● Required action
The output is the line containing "Loom Area Rug" plus every later line down to the end of the listing below, copied exactly. No pictures belong in it.

● Data in this exercise
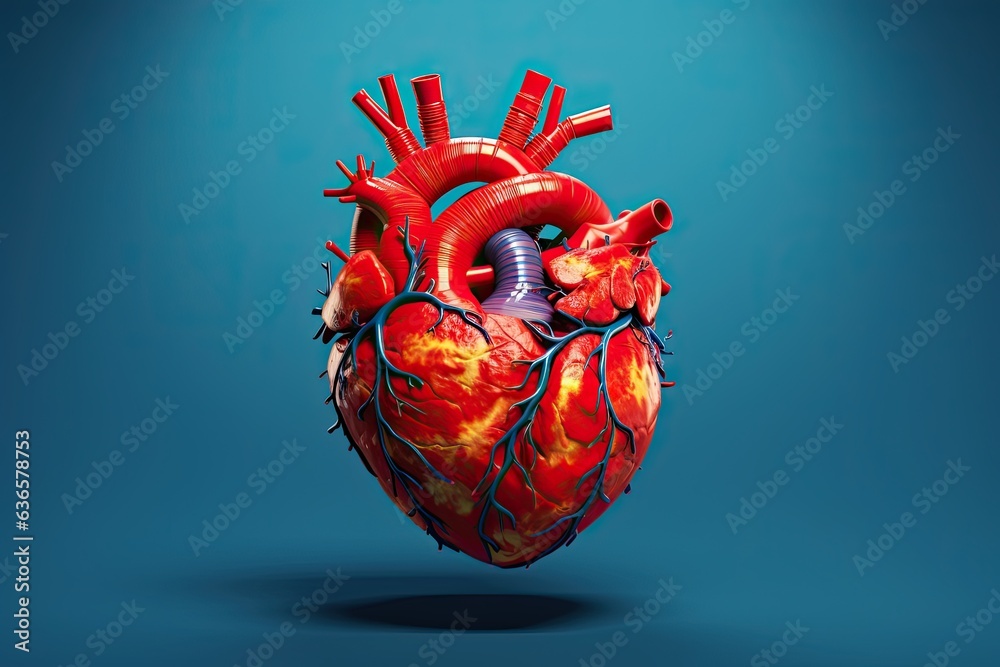 Anatomy of the human heart ,Generative AI.. Stock Illustration | Adobe ...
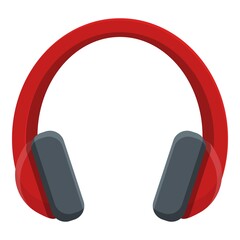 Red headset icon. Cartoon of red headset vector icon for web design isolated on white background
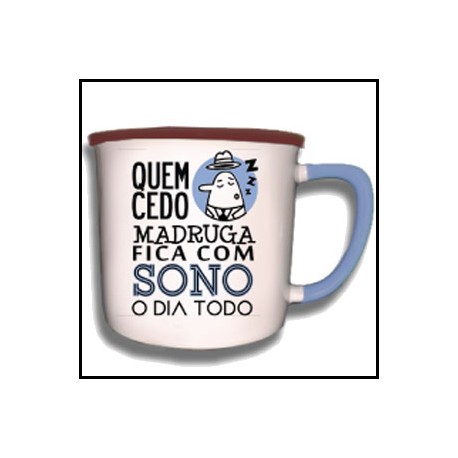 Caneca Vintage "Quem Cedo Madruga" REF. VM020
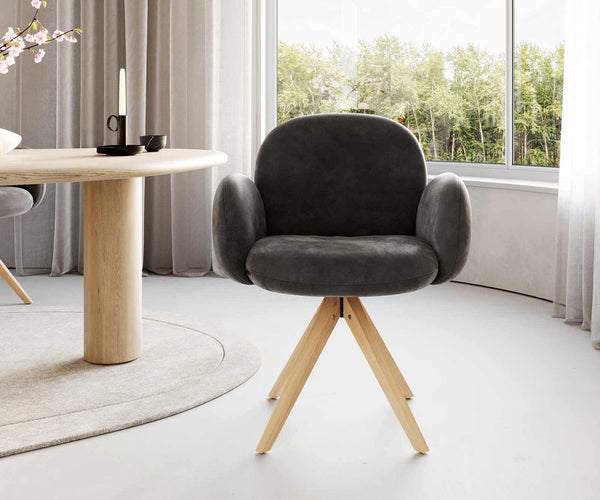 Dining Chair Nube Microfiber Anthracite Vintage Cross Angular Base Wooden 180° Swivel Pocket Springs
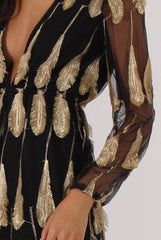 Black Mesh Layer Feather Playsuit - Miranda-Playsuits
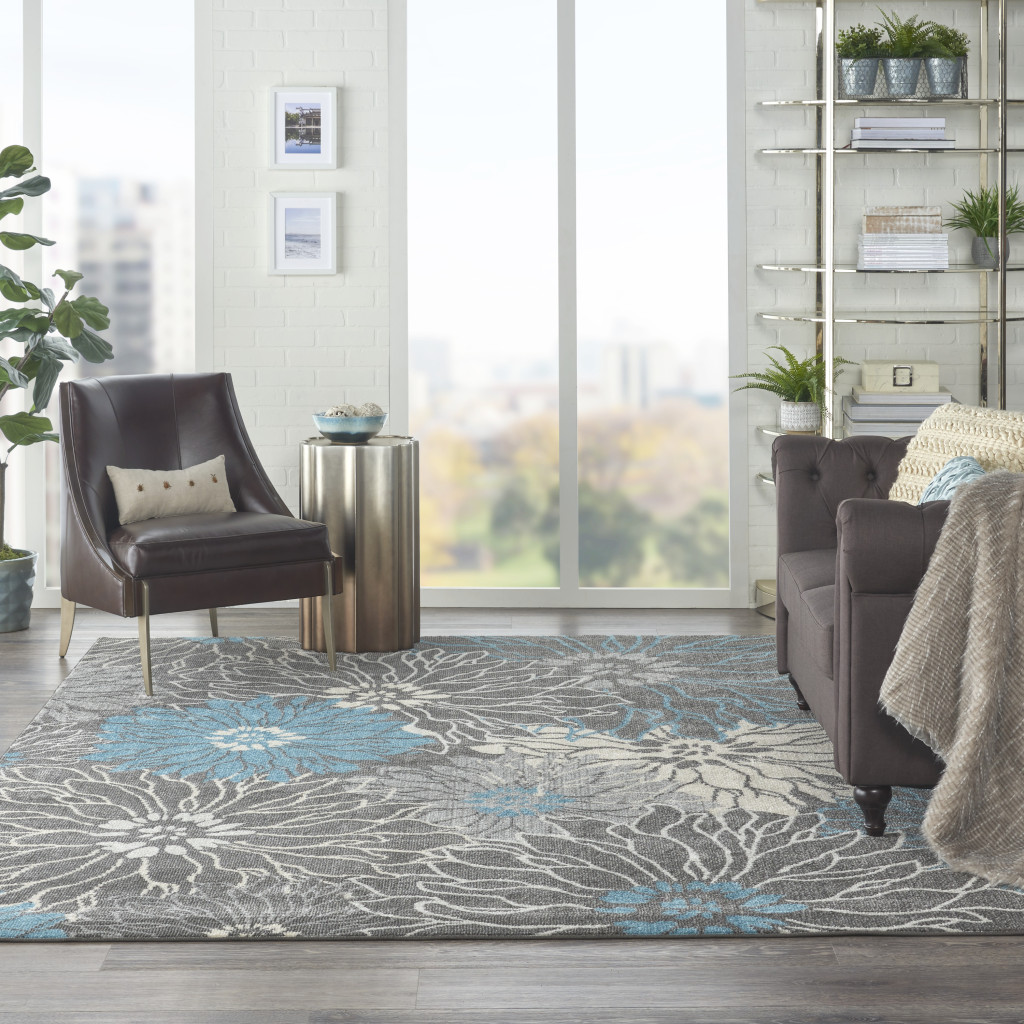 8" X 10" Blue And Gray Floral Power Loom Area Rug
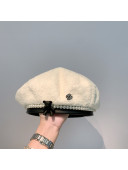 Chanel Shearling Bear Beret Hat White 2021 110493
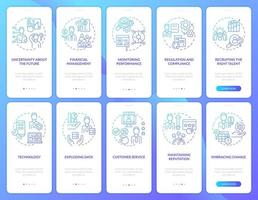 Business challenges blue gradient onboarding mobile app screen set. Walkthrough 5 steps graphic instructions pages with linear concepts. UI, UX, GUI template. vector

● Response area
 8" X 10" Blue And Gray Floral Power Loom Area Rug
 Chanel Shearling Bear Beret Hat White 2021 110493
 Business challenges blue gradient onboarding mobile app screen set. Walkthrough 5 steps graphic instructions pages with linear concepts. UI, UX, GUI template. vector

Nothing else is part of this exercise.